DMTMM
- Names: Preferred IUPAC name 4-(4,6-Dimethoxy-1,3,5-triazin-2-yl)-4-methylmorpholin-4-ium chloride

Identifiers
- CAS Number: 3945-69-5;
- 3D model (JSmol): Interactive image;
- ChemSpider: 2015817;
- EC Number: 447-230-1;
- PubChem CID: 2734059;
- UNII: BLD6N6AV8L;
- CompTox Dashboard (EPA): DTXSID50370104 ;

Properties
- Chemical formula: C_{10}H_{17}ClN_{4}O_{3}
- Molar mass: 276.72 g·mol^{−1}
- Hazards: GHS labelling:
- Pictograms: GHS05: Corrosive GHS07: Exclamation mark
- Signal word: Danger
- Hazard statements: H302, H314
- Precautionary statements: P260, P264, P270, P280, P301+P312, P301+P330+P331, P303+P361+P353, P304+P340, P305+P351+P338, P310, P321, P363, P405, P501

= DMTMM =

DMTMM (4-(4,6-dimethoxy-1,3,5-triazin-2-yl)-4-methyl-morpholinium chloride) is an organic triazine derivative commonly used for activation of carboxylic acids, particularly for amide synthesis. Amide coupling is one of the most common reactions in organic chemistry and DMTMM is one reagent used for that reaction. The mechanism of DMTMM coupling is similar to other common amide coupling reactions involving activated carboxylic acids. Its precursor, 2-chloro-4,6-dimethoxy-1,3,5-triazine (CDMT), has also been used for amide coupling. DMTMM has also been used to synthesize other carboxylic functional groups such as esters and anhydrides. DMTMM is usually used in the chloride form but the tetrafluoroborate salt is also commercially available.

== Synthesis ==
DMTMM is prepared by reaction of 2-chloro-4,6-dimethoxy-1,3,5-triazine (CDMT) with N-methylmorpholine (NMM). It was first reported in 1999. CDMT spontaneously reacts with NMM to form the quaternary ammonium chloride salt of DMTMM. DMTMM should be stored at -20 °C and kept dry.

== Reactions ==

=== Amides ===
Amides can be readily prepared from the corresponding carboxylic acid and amine using DMTMM coupling. DMTMM has been shown to be preferable to other coupling agents in several cases, such as for sterically hindered amines and for ligation of polysaccharides such as hyaluronic acid.

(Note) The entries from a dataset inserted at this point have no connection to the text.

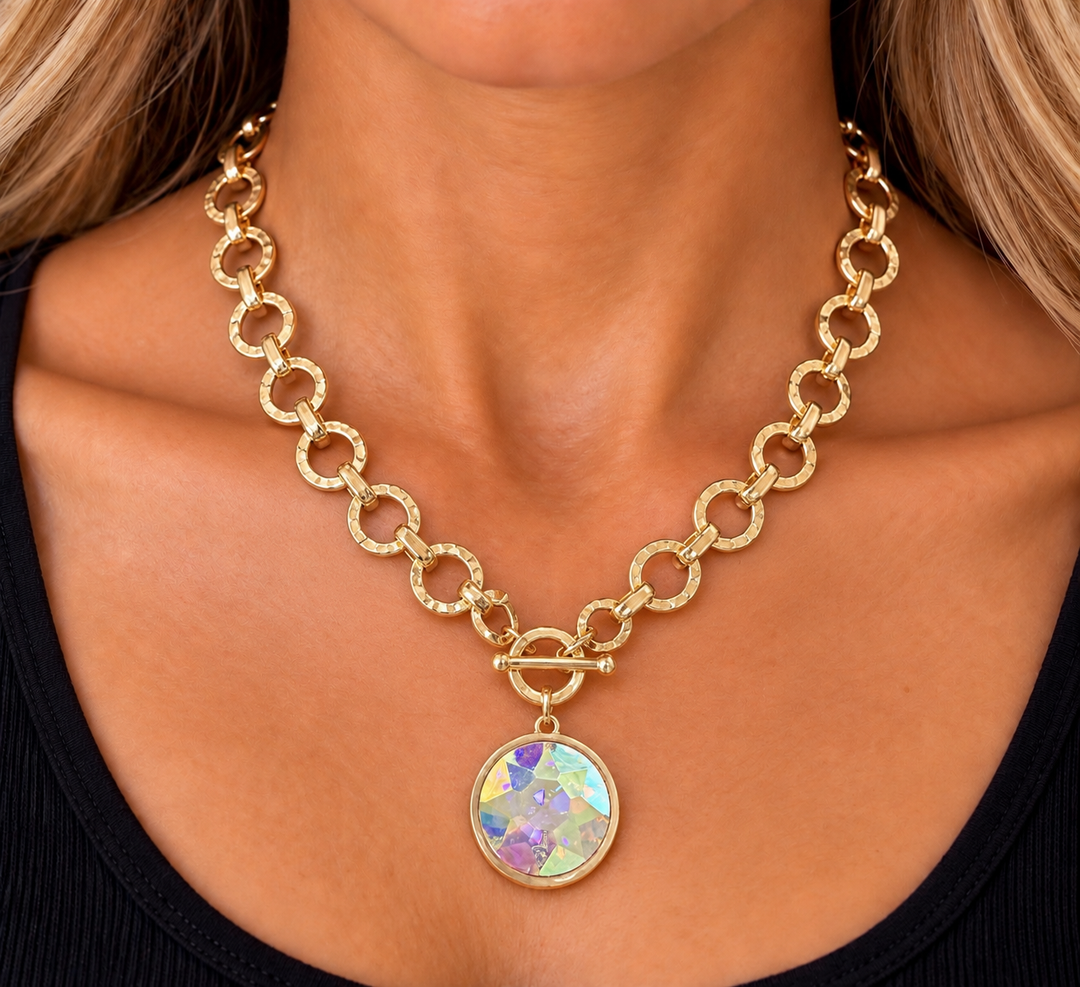 Grace’s Crystal Pendant Toggle Necklace
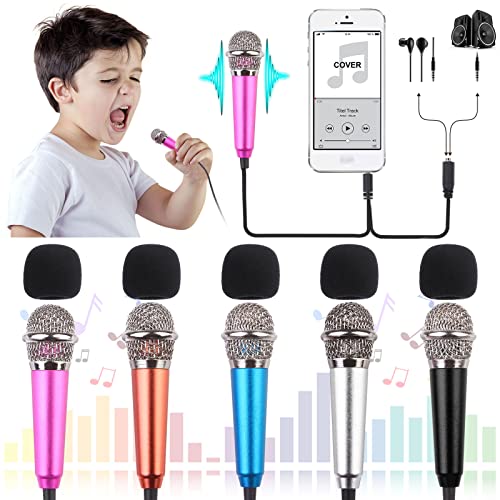 5-Piece Mini Microphone Tiny Microphone Mini Mic for Recording Voice and Singing on iPhone, Android Phones or Tablet, Metal, with 113 cm Cord, 3.5 mm Input (Rose red, Rose Gold, Silver, Blue, Black)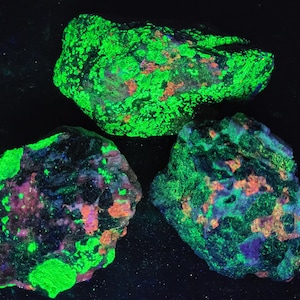 3x Nice SW LW UV Fluorescent + Phosphorescent Willemite & Sphalerite - Sterling Hill Mine by Franklin New Jersey Minerals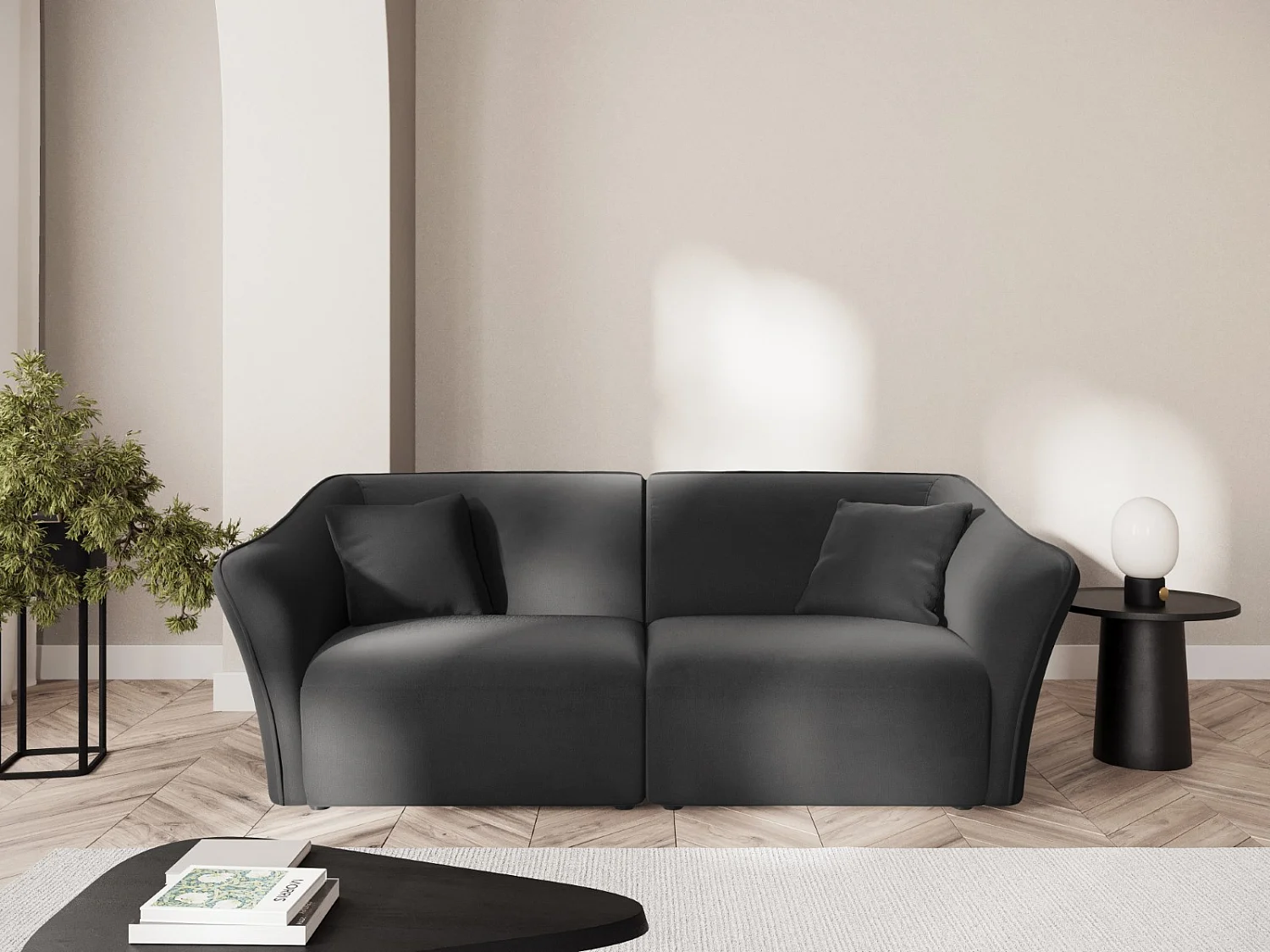 Cosmopolitan Design - Divano modulare "Tokyo" 3 posti in velluto grigio scuro - 206x102x79cm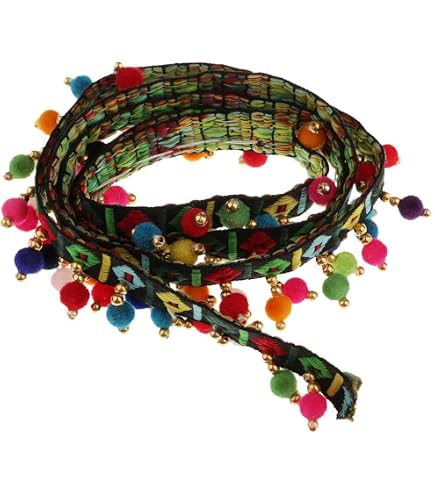 Nastro Passamaneria Egurs Con Pompon - 3 Metri, Frange Decorative Per Cucito Fai Da Te - Foto 8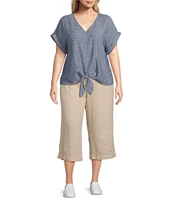 Westbound Plus Size Linen Blend Short Sleeve V-Neck Tie Front Top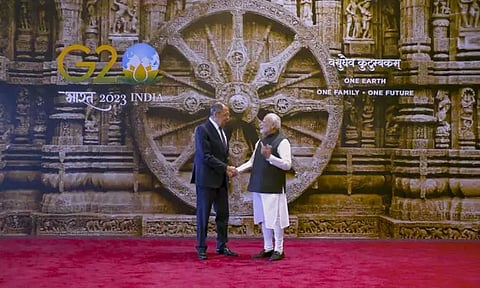 ஜி20 மாநாட்டு வரவேற்பு நிகழ்ச்சியில் கோனார்க் சக்கரம்.. வியந்து பார்த்த தலைவர்கள்..!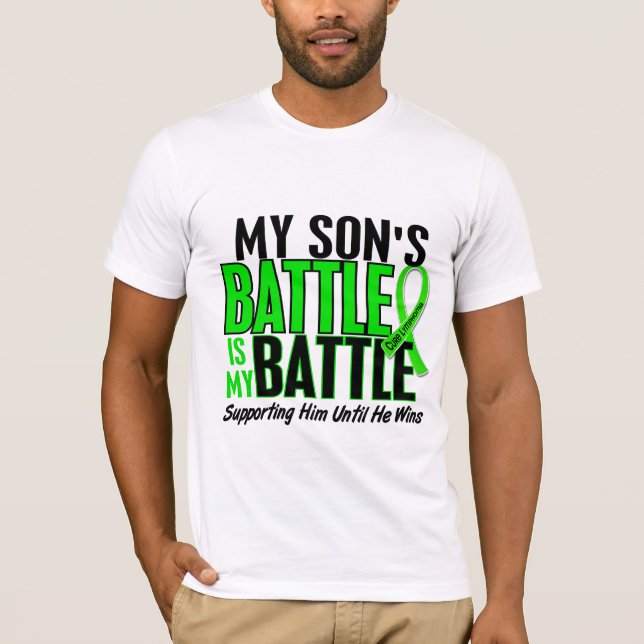T-shirt Lymphome ma bataille trop 1 fils (Devant)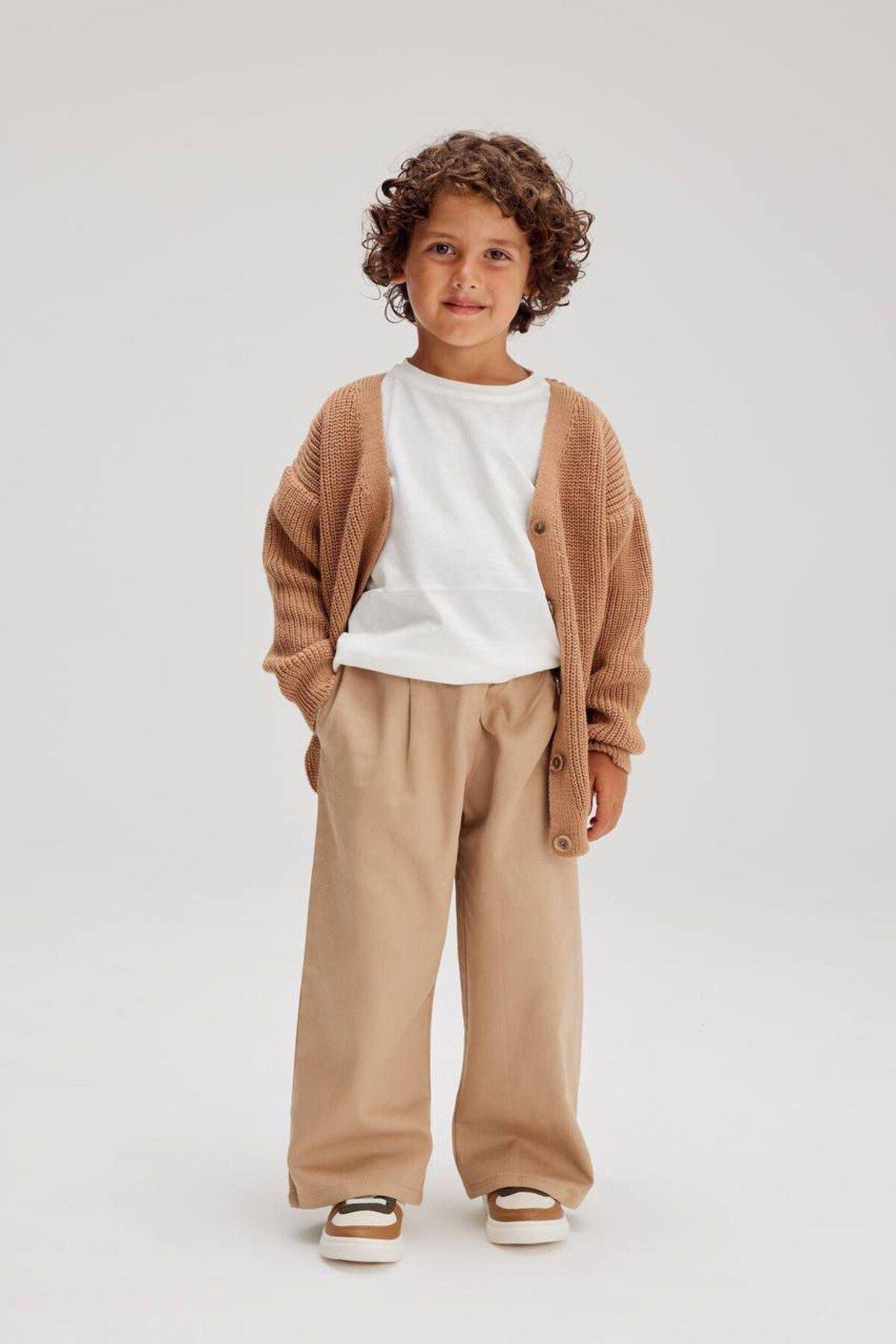 Gabardin Pantolon Hırkalı 2'Li Bebek Çocuk Erkek Takımı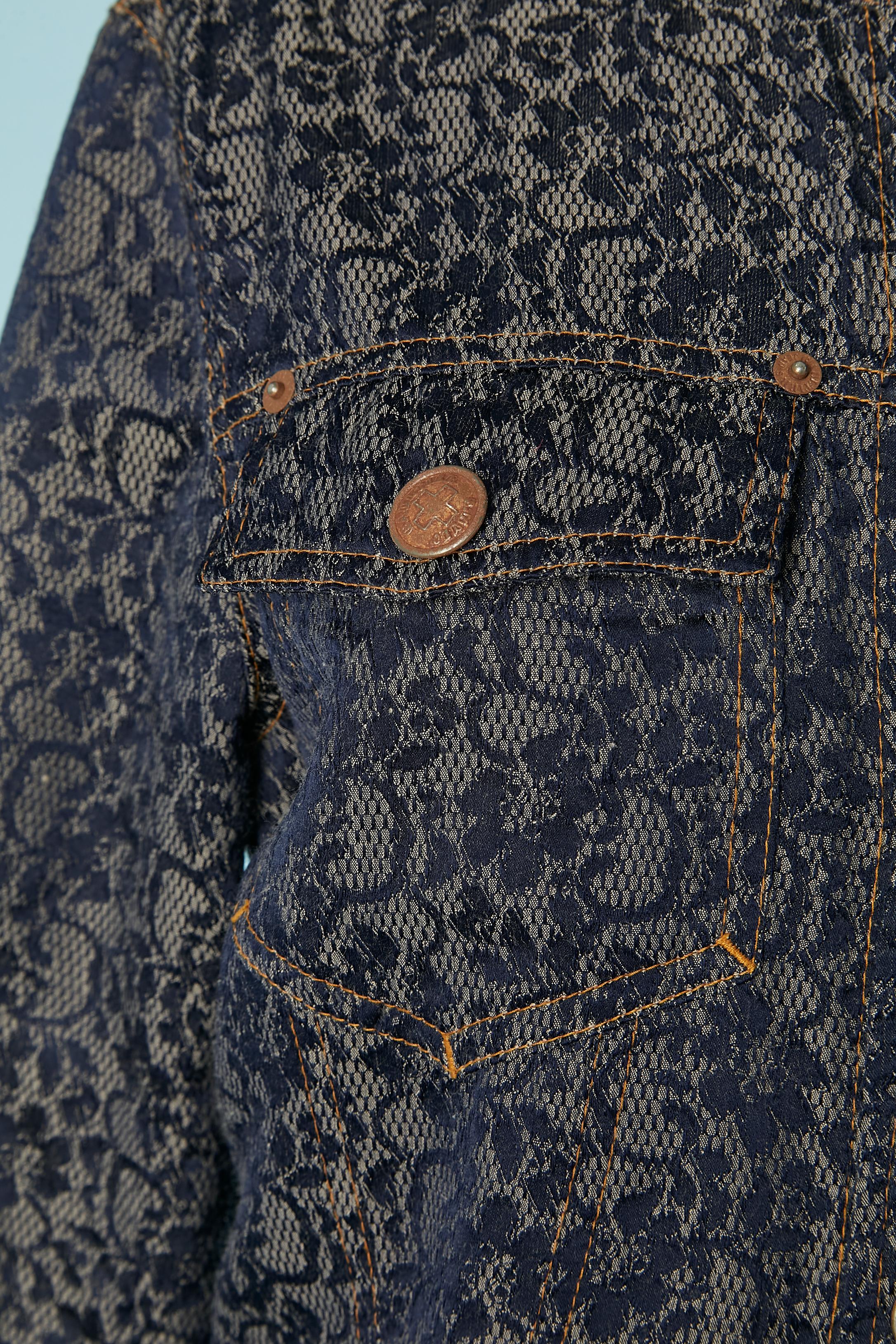 Nero Completo giacca e pantaloni in pizzo jacquard GAULTIER JEAN'S in vendita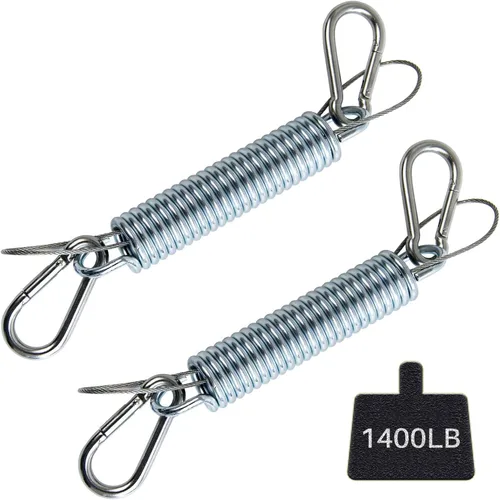 Muelles oscilantes para porche, capacidad de 700 libras, kit de resorte de acero inoxidable para silla colgante, 2 resortes, 4 mosquetones de gancho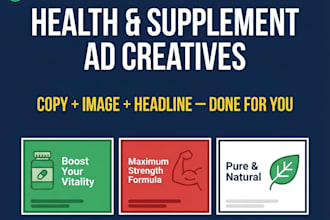 create done for you static ad creatives for health and supplement brands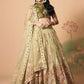 Embroidered Mirror Work Semi-Stitched Lehenga & Unstitched Blouse With Dupatta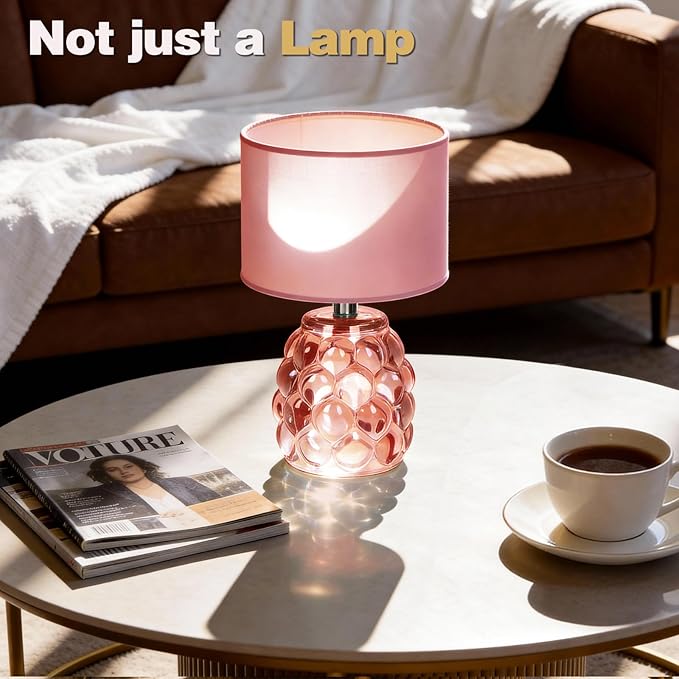 MJ PREMIER Pink Rechargeable Table Lamp Battery Powered Lamp Dimmable Touch Control 3 Color Night Light, Wireless Portable Desk Lamp with USB for Girls Bedroom, Nightstand Kids Room, Home Decor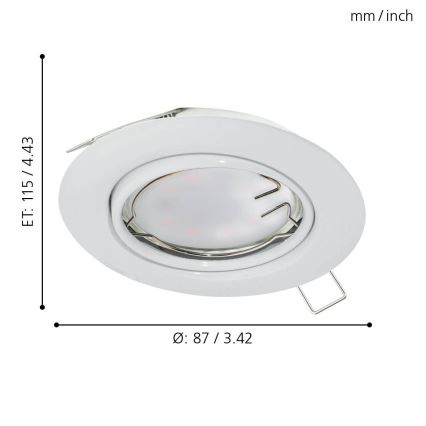 Eglo - 3x LED indbygningsspot PENETO 3xGU10-LED/5W/230V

=== Other carboxylic derivatives ===
Despite primarily being used for amide synthesis, DMTMM can also be used to make esters from the corresponding alcohol and carboxylic acid. DMTMM has also been applied to anhydride synthesis. The synthesis of each carboxylic derivative is similar, relying on the activation of the starting carboxylic acid followed by nucleophilic attack by another molecule.

== Coupling mechanism ==
DMTMM uses a typical mechanism to form carboxylic acid derivatives. First, the carboxylic acid reacts with DMTMM to form the active ester, releasing a molecule of N-methylmorpholinium (NMM). The resulting ester is highly reactive and can undergo a nucleophilic attack by an amine, an alcohol, or another nucleophile. A molecule of 4,6,-dimethoxy-1,3,5-triazin-2-ol is released and the corresponding carboxylic derivative is formed.

== Safety ==
DMTMM may be toxic if ingested. In vivo dermal sensitization studies according to OECD 429 confirmed DMTMM is a moderate skin sensitizer, showing a response at 0.9 wt% in the Local Lymph Node Assay (LLNA) placing it in Globally Harmonized System of Classification and Labelling of Chemicals (GHS) Dermal Sensitization Category 1A. Protective gloves, lab coats, and eye protection should be employed to reduce exposure while using DMTMM.